OK, now what about targeting? The rolling bomb is supposed to be targeted. Based on my reading of the code (and mostly the comments) what this means is that when the rolling bomb wants to fire, it check’s the player’s x coordinate, and if there is a non-empty column of invaders over that position, it drops a bomb from that column. If there is no such column, it doesn’t fire.
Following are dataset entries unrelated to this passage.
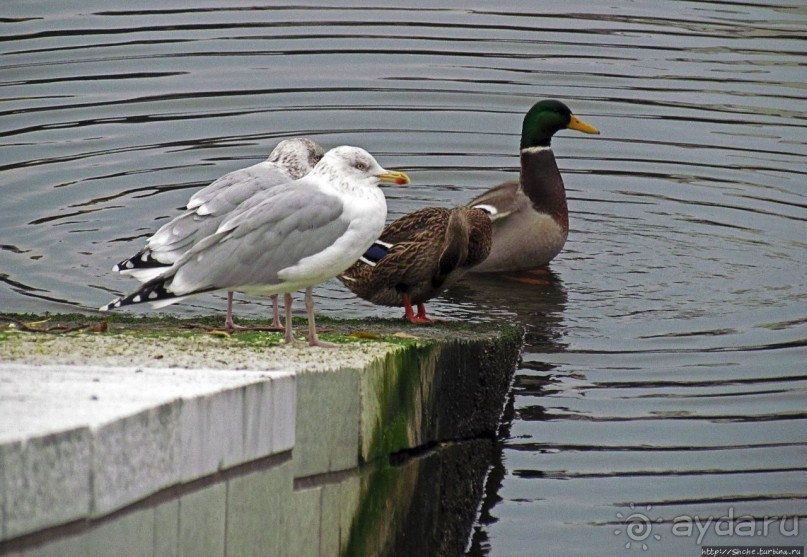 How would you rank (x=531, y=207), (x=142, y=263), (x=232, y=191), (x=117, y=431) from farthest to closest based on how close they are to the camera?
(x=531, y=207)
(x=232, y=191)
(x=142, y=263)
(x=117, y=431)

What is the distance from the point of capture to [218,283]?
653 cm

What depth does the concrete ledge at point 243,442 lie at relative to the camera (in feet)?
13.4

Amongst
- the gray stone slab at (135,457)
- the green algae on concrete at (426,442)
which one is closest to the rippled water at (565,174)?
the green algae on concrete at (426,442)

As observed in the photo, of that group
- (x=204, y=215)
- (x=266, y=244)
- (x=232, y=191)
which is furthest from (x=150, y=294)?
(x=232, y=191)

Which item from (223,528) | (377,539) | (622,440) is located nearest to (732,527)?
(622,440)

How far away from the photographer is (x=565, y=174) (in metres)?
13.9

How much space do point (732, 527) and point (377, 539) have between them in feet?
5.67

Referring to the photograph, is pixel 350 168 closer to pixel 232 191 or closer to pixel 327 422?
pixel 232 191

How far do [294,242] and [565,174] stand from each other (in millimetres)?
7695

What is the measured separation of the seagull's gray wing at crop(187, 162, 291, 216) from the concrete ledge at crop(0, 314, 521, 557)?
0.96 m

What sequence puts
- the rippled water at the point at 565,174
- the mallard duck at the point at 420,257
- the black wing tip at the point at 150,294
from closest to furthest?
the black wing tip at the point at 150,294 → the rippled water at the point at 565,174 → the mallard duck at the point at 420,257

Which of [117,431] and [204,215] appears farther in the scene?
[204,215]

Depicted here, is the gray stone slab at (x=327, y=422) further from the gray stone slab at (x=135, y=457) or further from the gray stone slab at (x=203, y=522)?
the gray stone slab at (x=135, y=457)

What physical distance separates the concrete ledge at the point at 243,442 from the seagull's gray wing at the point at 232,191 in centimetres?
96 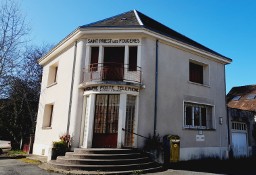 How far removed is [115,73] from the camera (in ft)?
41.2

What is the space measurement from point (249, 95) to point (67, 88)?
20.5 meters

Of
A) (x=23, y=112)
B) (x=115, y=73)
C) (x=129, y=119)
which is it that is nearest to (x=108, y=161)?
(x=129, y=119)

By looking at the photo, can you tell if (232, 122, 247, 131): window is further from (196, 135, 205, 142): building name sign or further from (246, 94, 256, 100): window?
(246, 94, 256, 100): window

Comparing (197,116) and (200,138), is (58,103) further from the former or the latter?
(200,138)

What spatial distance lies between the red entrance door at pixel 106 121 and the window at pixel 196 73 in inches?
225

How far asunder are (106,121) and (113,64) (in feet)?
10.2

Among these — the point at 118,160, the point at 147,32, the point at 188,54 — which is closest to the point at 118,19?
the point at 147,32

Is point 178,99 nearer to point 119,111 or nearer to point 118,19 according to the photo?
point 119,111

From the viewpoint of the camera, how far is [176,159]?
11.7m

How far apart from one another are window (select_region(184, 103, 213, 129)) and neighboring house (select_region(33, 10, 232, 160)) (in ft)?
0.20

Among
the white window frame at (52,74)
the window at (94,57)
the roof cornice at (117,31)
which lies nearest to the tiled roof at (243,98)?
the roof cornice at (117,31)

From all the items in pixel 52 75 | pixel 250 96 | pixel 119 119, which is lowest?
pixel 119 119

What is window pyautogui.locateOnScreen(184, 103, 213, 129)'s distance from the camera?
14.2 metres

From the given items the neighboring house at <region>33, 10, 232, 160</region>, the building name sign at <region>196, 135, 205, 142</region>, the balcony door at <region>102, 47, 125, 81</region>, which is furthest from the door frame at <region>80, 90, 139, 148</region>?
the building name sign at <region>196, 135, 205, 142</region> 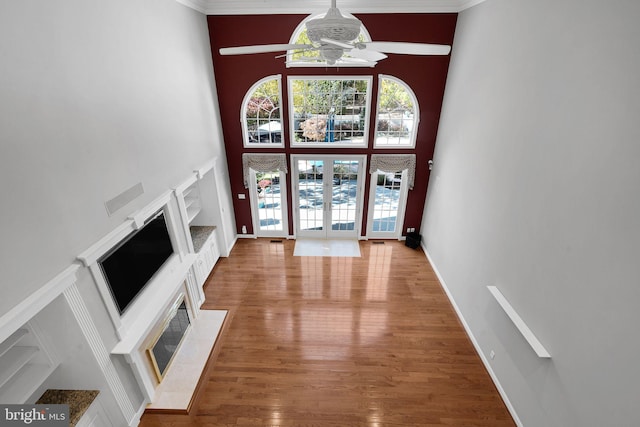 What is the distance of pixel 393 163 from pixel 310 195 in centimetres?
207

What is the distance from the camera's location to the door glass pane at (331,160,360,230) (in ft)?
22.0

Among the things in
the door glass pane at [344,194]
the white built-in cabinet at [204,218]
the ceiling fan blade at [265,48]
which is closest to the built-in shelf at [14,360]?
the white built-in cabinet at [204,218]

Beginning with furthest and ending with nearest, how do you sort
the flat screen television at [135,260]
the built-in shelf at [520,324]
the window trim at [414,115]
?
the window trim at [414,115] < the flat screen television at [135,260] < the built-in shelf at [520,324]

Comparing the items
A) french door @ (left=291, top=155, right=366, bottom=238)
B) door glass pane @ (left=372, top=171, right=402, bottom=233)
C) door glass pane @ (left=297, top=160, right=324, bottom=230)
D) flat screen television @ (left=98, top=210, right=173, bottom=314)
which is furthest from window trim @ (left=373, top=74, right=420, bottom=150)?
flat screen television @ (left=98, top=210, right=173, bottom=314)

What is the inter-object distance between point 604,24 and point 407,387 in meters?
4.28

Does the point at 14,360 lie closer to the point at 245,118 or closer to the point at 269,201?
the point at 269,201

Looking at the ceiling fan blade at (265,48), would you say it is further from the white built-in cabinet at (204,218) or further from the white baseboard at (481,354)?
the white baseboard at (481,354)

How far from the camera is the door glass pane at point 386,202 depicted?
22.3 feet

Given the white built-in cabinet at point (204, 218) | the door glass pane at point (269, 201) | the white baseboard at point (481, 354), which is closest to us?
the white baseboard at point (481, 354)

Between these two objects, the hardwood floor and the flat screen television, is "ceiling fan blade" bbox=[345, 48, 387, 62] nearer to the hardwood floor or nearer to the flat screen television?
the flat screen television

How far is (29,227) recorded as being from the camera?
218 cm

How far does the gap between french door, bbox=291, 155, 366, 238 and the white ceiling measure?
2745 mm

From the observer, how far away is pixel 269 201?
7.11 m

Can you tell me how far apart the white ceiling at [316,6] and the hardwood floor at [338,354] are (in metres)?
4.94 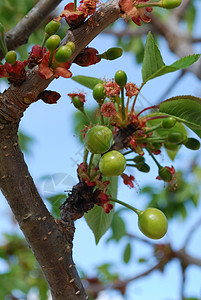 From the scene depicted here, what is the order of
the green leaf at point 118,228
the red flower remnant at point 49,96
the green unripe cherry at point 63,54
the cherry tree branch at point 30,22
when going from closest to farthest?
1. the green unripe cherry at point 63,54
2. the red flower remnant at point 49,96
3. the cherry tree branch at point 30,22
4. the green leaf at point 118,228

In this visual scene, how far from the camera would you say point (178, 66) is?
0.86m

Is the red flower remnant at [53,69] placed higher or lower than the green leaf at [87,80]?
lower

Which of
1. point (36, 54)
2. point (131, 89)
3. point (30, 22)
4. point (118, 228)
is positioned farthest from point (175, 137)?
point (118, 228)

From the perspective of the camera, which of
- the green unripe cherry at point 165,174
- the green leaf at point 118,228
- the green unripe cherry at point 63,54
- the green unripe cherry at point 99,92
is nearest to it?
the green unripe cherry at point 63,54

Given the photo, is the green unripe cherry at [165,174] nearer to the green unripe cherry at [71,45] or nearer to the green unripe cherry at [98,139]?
the green unripe cherry at [98,139]

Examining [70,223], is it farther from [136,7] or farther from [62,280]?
[136,7]

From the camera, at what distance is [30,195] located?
86cm

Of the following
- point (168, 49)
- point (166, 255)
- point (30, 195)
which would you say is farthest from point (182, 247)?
point (30, 195)

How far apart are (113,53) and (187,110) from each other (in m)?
0.25

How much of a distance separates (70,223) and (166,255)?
2.60m

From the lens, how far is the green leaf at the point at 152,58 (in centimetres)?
95

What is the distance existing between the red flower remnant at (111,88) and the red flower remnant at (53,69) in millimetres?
233

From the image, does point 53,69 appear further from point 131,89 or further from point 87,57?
point 131,89

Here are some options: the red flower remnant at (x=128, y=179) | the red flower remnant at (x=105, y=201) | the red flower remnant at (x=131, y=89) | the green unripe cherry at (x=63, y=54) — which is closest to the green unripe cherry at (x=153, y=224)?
the red flower remnant at (x=105, y=201) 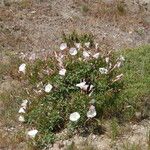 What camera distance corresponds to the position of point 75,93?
26.1 ft

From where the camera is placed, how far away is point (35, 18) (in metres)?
13.6

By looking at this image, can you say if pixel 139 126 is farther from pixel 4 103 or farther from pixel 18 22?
pixel 18 22

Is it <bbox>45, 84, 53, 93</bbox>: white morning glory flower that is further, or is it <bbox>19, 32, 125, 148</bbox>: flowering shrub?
<bbox>45, 84, 53, 93</bbox>: white morning glory flower

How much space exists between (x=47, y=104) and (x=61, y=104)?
0.81 ft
Our current code looks like this:

function Army:dropRandomBomb()
    local bombs = {self.rollingBomb, self.plungerBomb, self.squiggleBomb}
    local bombType = math.random(3)
    self:dropBomb(bombs[bombType])
end

function Army:dropBomb(aBomb)
    if aBomb.alive then return end
    self.bombCycle = 0
    aBomb.alive = true
    local col = aBomb:nextColumn()
    local leader = self.invaders[1]
    local leaderPos = leader.pos
    local leaderX = leaderPos.x
    local bombX = 8 + leaderX + (col-1)*16
    aBomb.pos = vec2(bombX, leaderPos.y - 16)
end

Our bombs aren’t objects, and they don’t know their type. If they were objects, we could perhaps override nextColumn. We’d have to deal with the possibility that it wouldn’t find one but that would be easy enough.

What is nextColumn like?

function Bomb:nextColumn()
    local next = self.columnTable[self.columnIndex]
    self.columnIndex = self.columnIndex+1
    if self.columnIndex > self.columnEnd then
        self.columnIndex = self.columnStart
    end
    return next
end

Let’s do an override of this the old fashioned way, with a flag, targeted, false except in the rolling shot. So, in init:

function Bomb:init(pos, shapes, explosion, columnStart, columnEnd)
    self.columnStart = columnStart
    self.columnEnd = columnEnd
    self.columnIndex = columnStart
    self.pos = pos
    self.shapes = shapes
    self.explosion = explosion
    self.shape = 0
    self.cycle = 2
    self.alive = false
    self.explodeCount = 0
    self.columnTable = {0x01, 0x07, 0x01, 0x01, 0x01, 0x04, 0x0B, 0x01, 0x06, 0x03, 0x01, 0x01, 0x0B, 0x09, 0x02, 0x08, 0x02, 0x0B, 0x04, 0x07, 0x0A}
end

We can either pass another flag, or do something weird with columnStart or columnEnd. The latter would be vaguely obscene. We’ll have a flag:

function Bomb:init(pos, shapes, explosion, targeted, columnStart, columnEnd)
    self.targeted = targeted
    self.columnStart = columnStart
    self.columnEnd = columnEnd
    ...


function Army:defineBombs()
    ...
    self.rollingBomb = Bomb(vec2(0,0), bombTypes[1], bombExplosion, true, 1,16)
    self.plungerBomb = Bomb(vec2(0,0), bombTypes[2], bombExplosion, false, 1,16)
    self.squiggleBomb = Bomb(vec2(0,0), bombTypes[3], bombExplosion, false, 7,21)
end

Now, we can do something about the column selection.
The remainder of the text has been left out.